2) Melanie Hamilton (played by Olivia de Havilland)is the most virtuous character in the entire story. She is the object of Scarlett's jealousy and contempt because of her marriage to Ashley Wilkes, whom Scarlett wants for herself. Scarlett attempts to hide her feelings from Melanie, and she is successful largely because Melanie refuses to believe that her friend Scarlett would ever betray her or act so dishonorably. If the war had not come, Melanie and Ashley would have lived happily on their own plantation, Twelve Oaks, in a sort of fairytale.

The war, and afterward reconstruction, make Melanie a much more worldly person. She is able to lie straight faced to a Yankee soldier when questioned on the whereabouts of her husband, and she hides her emotions and feelings even better than Scarlett in taking part in a masquerade to protect her husband and other men when they return from a raid that left Ashley wounded and Scarlett's own husband dead.

Though a tiny woman whose body and health are not strong, she shows incredible strength of character in supporting the Confederate cause, standing by her husband and her friend Scarlett when she hears rumors of an affair, and in bringing back Rhett Butler from the edge of insanity at the end of the story.

3) Ashley Wilkes (played by Leslie Howard) is the true Southern gentleman. Honor is the most important thing to him. He is also perhaps the most sentimental character in the story. At one point, he says that he would have freed the slaves at Twelve Oaks when his father died. However, I can not see how he would have been able to continue his lifestyle if he had freed his slaves. In this way, he reminds me of Thomas Jefferson, who also lived a bit of a hypocritical lifestyle in regard to his slaves. Ashley says that if the war had not come, he would have remained happily buried at Twelve Oaks.
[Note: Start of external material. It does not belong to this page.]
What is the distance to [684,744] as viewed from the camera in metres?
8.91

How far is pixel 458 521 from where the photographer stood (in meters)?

But the war did come. "And now I find myself in a world which for me is worse than death," Ashley says. "A world in which there is no place for me." Indeed, in order to survive, he and his family move in with Scarlett at Tara plantation after the war. He also follows Scarlett into the lumber business after a flimsy plan to move to New York and become a banker is vetoed by his wife, Melanie.

Ashley's code of honor is a source of great frustration for Scarlett, and for that matter, Rhett Butler as well.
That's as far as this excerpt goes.